Organoids were centrifuged at 300 g for 10 min at 4 °C and washed twice on ice with cold PBS. Cell pellets were snap-frozen and stored at − 80 °C until further usage. RNA from approximately 1 × 106 cells was isolated using the RNeasy Plus Micro Kit (Qiagen, Cat#74,034) and the QIAshredder (Qiagen, Cat#79,656) according to the manufacturer’s protocol. Genomic DNA was removed with the RNase-free DNase Set (Qiagen, Cat# 79,254) as per manufacturer’s instructions. RNA was eluted in 1X low Tris–EDTA (TE) buffer, containing 10 mM Tris–HCl and 0.1 mM EDTA. The amount and purity of RNA were measured with a Nanodrop Spectrophotometer.
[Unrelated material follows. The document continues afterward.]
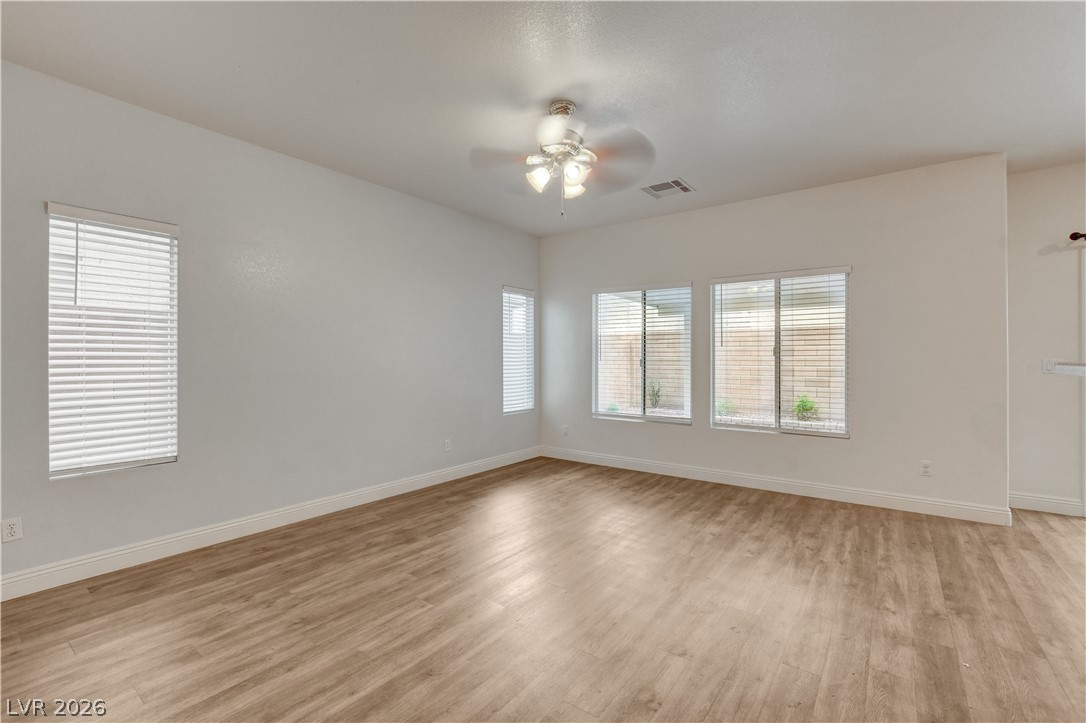 Photo 6 of 54, 931 APPALOOSA HILLS Avenue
In case of poor quality samples were cleaned using the RNeasy MinElute Cleanup Kit (Qiagen, Cat#74,204) according to the manufacturer’s protocol. RNA Integrity number (RIN) was assessed with the Agilent 2100 Bioanalyzer (Agilent Technologies, Santa Clara, CA, USA). RNA with a RIN > 7.5 was submitted to QuantSeq 3′-mRNA library preparation (Lexogen, Vienna, Austria) and sequenced with an Ion Proton Sequencer using Ion Proton Hi-Q chemistry (Ion Torrent/Fisher Scientific, Austria). Sequencing data obtained from this experiment are also being used in another manuscript https://doi.org/10.3389/fimmu.2024.1508727, https://zenodo.org/records/13382769) and have been deposited on Zenodo https://doi.org/10.5281/zenodo.12648167.

Electron microscopy

Non-infected and infected organoids were transferred to Eppendorf® vials, passively sedimented and culture media exchanged with Karnovsky’s Glutarladehyde-Formaldehyde fixative. After fixation in 1% aqueous osmium tetroxide and ethanol exposure at ascending concentrations, organoids were embedded in Epon epoxy resin. Additional detail on the method is described elsewhere [25].

Statistical analysis

Statistical analyses of CBF, CFU and qPCR data were performed using GraphPad Prism v.10.1.2 (San Diego, CA, USA). For comparisons of two groups, unpaired Student’s t-test was used. Comparison of more than two groups was performed using one-way ANOVA followed by Tukey’s post-hoc test for multiple comparisons. Gene expression (multiple groups, multiple time points) was analyzed using two-way ANOVA followed by Sidak’s multiple comparisons test. Differences between groups were considered statistically significant when p < 0.05. Correlation between CFU and CBF of infected organoids treated with Forskolin or Roflumilast were calculated using Spearman’s rank correlation test with a 95% confidence interval. The RNA sequencing data was analyzed using R version 4.3.2 as detailed in the supplementary methods.